Image: Harvey Wilks.

Même Charlie a été dupé et a liké le commentaire ! Mon bot avait reçu son premier like humain ! À moins que Charlie n'utilise lui aussi un bot ? Ce monde est absurde.

Fort de ses premières performances, Doli. io est devenu plus loquace le lendemain. Quatre personnes ont reçu des messages de joyeux anniversaire sans que j'ai eu à lever le petit doigt (pour être tout à fait honnête, je ne me souvenais pas que c'était l'anniversaire des amis en question). Doli.Io était si fort. Et moi, je me sentais à la fois désœuvré et tout puissant.

Détail intéressant : Doli.io s'est mis en tête d'écrire à l'un de mes anciens comptes Facebook, que j'utilisais comme un alter ego. Ce dernier était resté en sommeil pendant des années. Seuls deux de mes amis en connaissaient l'existence, en remarquant cette activité, ils m'ont immédiatement écrit. Or, on ne se parlait plus depuis longtemps. Doli.io est donc capable, apparemment, de raviver d'anciennes amitiés.

En tentant de reproduire ma performance de la veille qui m'avait valu plus de 90 likes pour une bête photo, Doli.io a tenté de poster une nouvelle photo de Copenhague, ensoleillée cette fois-ci, sur Facebook et sur Twitter tout à la fois. C'est assez impressionnant en soi, mais comme je ne l'avais pas prise moi-même, j'ai eu peur que l'on m'accuse de plagoat et je l'ai supprimée.

Doli.io a choisi et uploadé une image libre de droits prise sur Wikipedia. Image: Harvey Wilks.

Hélas, il a rapidement fallu remettre le cochon d'Inde dans sa cage et renvoyer Doli.io de là où il venait ?

Alors que j'étais terrifié à l'idée qu'un bot soit capable de poster à ma place, en 48h, non seulement je m'étais habitué à l'idée mais j'étais totalement conquis. C'est assez étonnant dans la mesure où mon « image de marque » et ma vie privée m'importent beaucoup.
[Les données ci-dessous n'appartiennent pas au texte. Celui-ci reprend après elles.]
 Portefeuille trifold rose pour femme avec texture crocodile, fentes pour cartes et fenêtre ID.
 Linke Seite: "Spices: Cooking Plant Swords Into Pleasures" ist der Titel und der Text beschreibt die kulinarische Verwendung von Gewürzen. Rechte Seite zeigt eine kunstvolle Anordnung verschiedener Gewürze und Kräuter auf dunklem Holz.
Et je ne suis pas seul dans ce cas.

Cette expérience représente-t-elle une tendance à venir ? Allons-nous adopter les bots pour réaliser toutes sortes de tâches que nous trouvons absurdes ? Ne vaudrait-il mieux pas se débarrasser de ces tâches absurdes en premier lieu ? Je ne peux pas répondre à ces questions, mais je réalise désormais que mes interactions numériques avec autrui n'importent tellement peu que je suis prêt à laisser un pantin parler et agir à ma place. Peut-être que tous mes contacts sont, eux aussi, disposés à déléguer une partie de leur vie numérique à des « agents de réplication autonomes » et que Facebook se transformera bientôt en un théâtre d'ombres fantastiques.

Comme dans ces films où deux personnages antagonistes apprennent finalement à s'apprécier, j'étais triste de dire au revoir à Doli.io. Même si je sais pertinemment qu'il ne s'agit que d'un pâle avatar automatisé de moi-même. Hélas, je dois de nouveau souhaiter les anniversaires moi-même.